Sarah Emmerling and Malika-Budur Kalila
NIAGARA UNIVERSITY, N.Y. – On Friday Oct. 13, Marshall, a courtroom drama about the first African-American Supreme Court Justice, was released. The movie was directed by Reginald Hudlin and stars Chadwick Boseman as Thurgood Marshall, Josh Gad as Samuel Friedman, and Kate Hudson as Eleanor Strubing. It explores an important case in Marshall’s career as an NAACP lawyer, years before Brown v. Board of Education. This new film is particularly exciting for Western New York as it was filmed in Buffalo and features many artists in the community.
Niagara University Theatre professors Adriano Gatto, Josie DiVincenzo, and Doug Zschiegner were among those involved. Filming took place during the summer of 2016 at various Buffalo landmarks.
“Buffalo is a great city for filmmaking,” Zschiegner commented. “There are a lot of old historic buildings that haven’t been torn down. The architecture is stunning. We have the train station at Central Terminal, the Courthouse, City Hall, and the Statler Hotel. All of those locations worked perfectly.

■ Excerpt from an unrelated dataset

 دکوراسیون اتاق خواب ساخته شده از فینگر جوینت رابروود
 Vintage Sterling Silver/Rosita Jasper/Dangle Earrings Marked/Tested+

Buffalo looks so good in this movie.”
Zschiegner was a featured extra who played the assistant to the prosecutor in the trial scenes. Because his role put him right in the middle of the action, he was able to learn a lot from the experience.
“The best part was just being able to watch,” he explained. “Every time the director talked to the stars, I was right there, so I could hear everything. I was able to see so many different approaches to acting. I also learned about the different crews, as well as the quantity of those jobs and their importance.”

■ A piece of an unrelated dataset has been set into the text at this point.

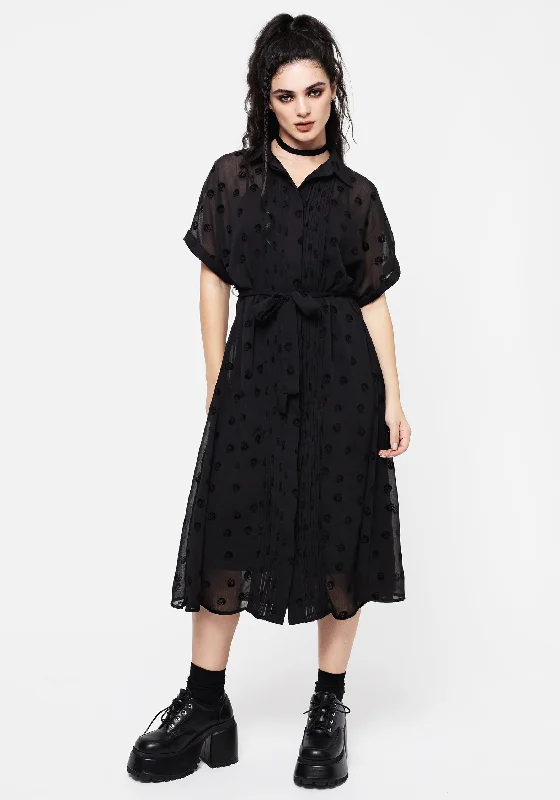 Bones Flocked Pintuck Chiffon Midi Shirt Dress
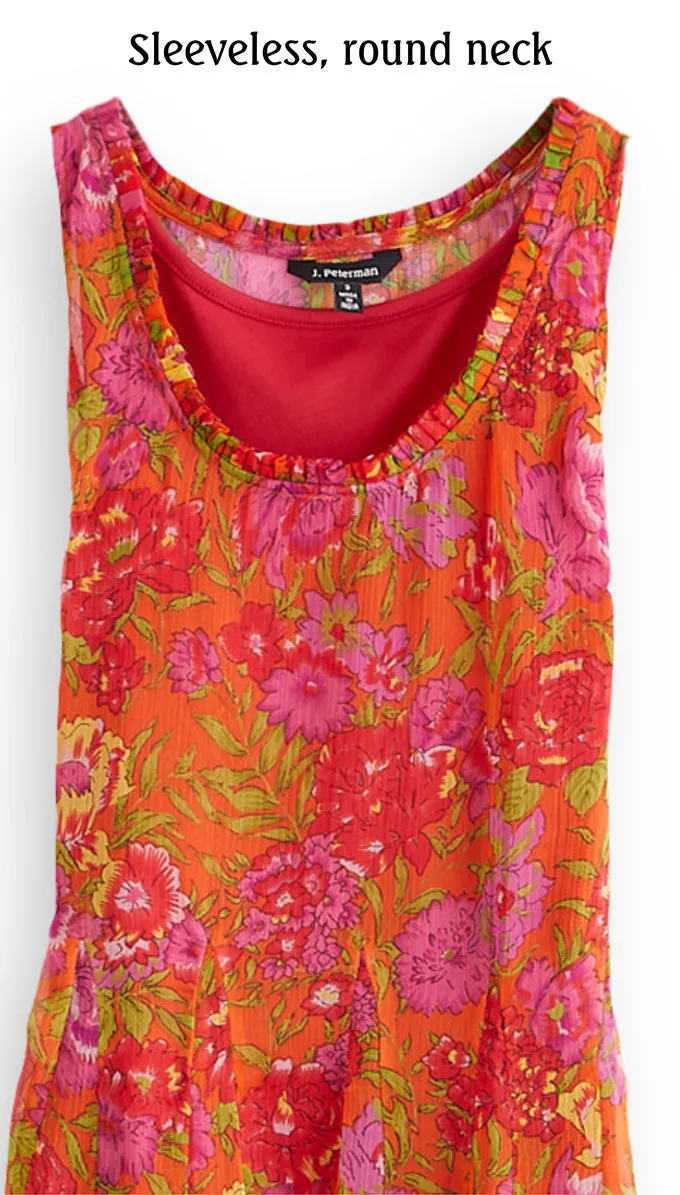 J. Peterman Women's Classic Fit Flowy A-Line Get Noticed Tropical Floral Crewneck Dress in Orange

Zschiegner was also able to get to know some of the stars of the movie, particularly Dan Stevens, who is known for his roles as Matthew Crawley on Downton Abbey and the Beast in Beauty and the Beast.
“Dan Stevens played the prosecutor,” he stated. “He sat right next to me so we could whisper and talk a lot. I got to know him pretty well.”
Zschiegner also commented on the differences between working on stage and on film, and about how one of the goals of the NU Theatre program is to prepare students for both types of work.
“Film actors must have all the honesty and immediacy of stage work because the camera is so close,” he explained. “They can’t lie. They also need different kinds of techniques to repeat something exactly the same way when the camera comes from a different angle, or knowing how far away the camera is and how to project. Here, we strive to prepare theatre students for film opportunities, so it was great to be able to learn more from this experience.”
He also mentioned Governor Cuomo’s tax cuts, which are meant to encourage filmmakers to visit and use the region in their work. The cuts offer movie producers an extra credit of 10 percent of qualified production and post-production costs for films in Upstate New York counties.
Buffalo is becoming a popular filming destination. There are several movies currently being made in the area, including the fourth part of the Purge series and The True Adventures of Wolfboy featuring John Turturro, Chloë Sevigny, and Jaeden Lieberher. More movie companies are utilizing the city, bringing more opportunities to local artists and students interested in the film industry.
“Movie companies can get a lot by coming to Buffalo,” he said. “So there’s been a lot of new movies here lately.”